*Work required*
A full, exact copy of the records below is the required answer.

Stored dataset items:
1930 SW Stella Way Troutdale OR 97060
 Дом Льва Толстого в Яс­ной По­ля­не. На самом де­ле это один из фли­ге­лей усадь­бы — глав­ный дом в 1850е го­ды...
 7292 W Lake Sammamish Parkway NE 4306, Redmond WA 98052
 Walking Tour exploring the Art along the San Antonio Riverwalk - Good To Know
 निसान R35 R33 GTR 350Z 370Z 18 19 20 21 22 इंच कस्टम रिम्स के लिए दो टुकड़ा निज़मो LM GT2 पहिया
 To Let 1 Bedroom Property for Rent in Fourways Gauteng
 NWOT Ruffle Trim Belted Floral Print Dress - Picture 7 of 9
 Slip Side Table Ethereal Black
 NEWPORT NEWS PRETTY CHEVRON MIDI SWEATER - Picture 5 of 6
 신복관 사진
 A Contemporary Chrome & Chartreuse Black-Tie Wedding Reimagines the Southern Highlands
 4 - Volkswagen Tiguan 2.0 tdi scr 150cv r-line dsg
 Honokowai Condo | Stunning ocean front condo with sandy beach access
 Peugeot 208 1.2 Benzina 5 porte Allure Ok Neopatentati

*Answer to this problem*
1930 SW Stella Way Troutdale OR 97060
 Дом Льва Толстого в Яс­ной По­ля­не. На самом де­ле это один из фли­ге­лей усадь­бы — глав­ный дом в 1850е го­ды...
 7292 W Lake Sammamish Parkway NE 4306, Redmond WA 98052
 Walking Tour exploring the Art along the San Antonio Riverwalk - Good To Know
 निसान R35 R33 GTR 350Z 370Z 18 19 20 21 22 इंच कस्टम रिम्स के लिए दो टुकड़ा निज़मो LM GT2 पहिया
 To Let 1 Bedroom Property for Rent in Fourways Gauteng
 NWOT Ruffle Trim Belted Floral Print Dress - Picture 7 of 9
 Slip Side Table Ethereal Black
 NEWPORT NEWS PRETTY CHEVRON MIDI SWEATER - Picture 5 of 6
 신복관 사진
 A Contemporary Chrome & Chartreuse Black-Tie Wedding Reimagines the Southern Highlands
 4 - Volkswagen Tiguan 2.0 tdi scr 150cv r-line dsg
 Honokowai Condo | Stunning ocean front condo with sandy beach access
 Peugeot 208 1.2 Benzina 5 porte Allure Ok Neopatentati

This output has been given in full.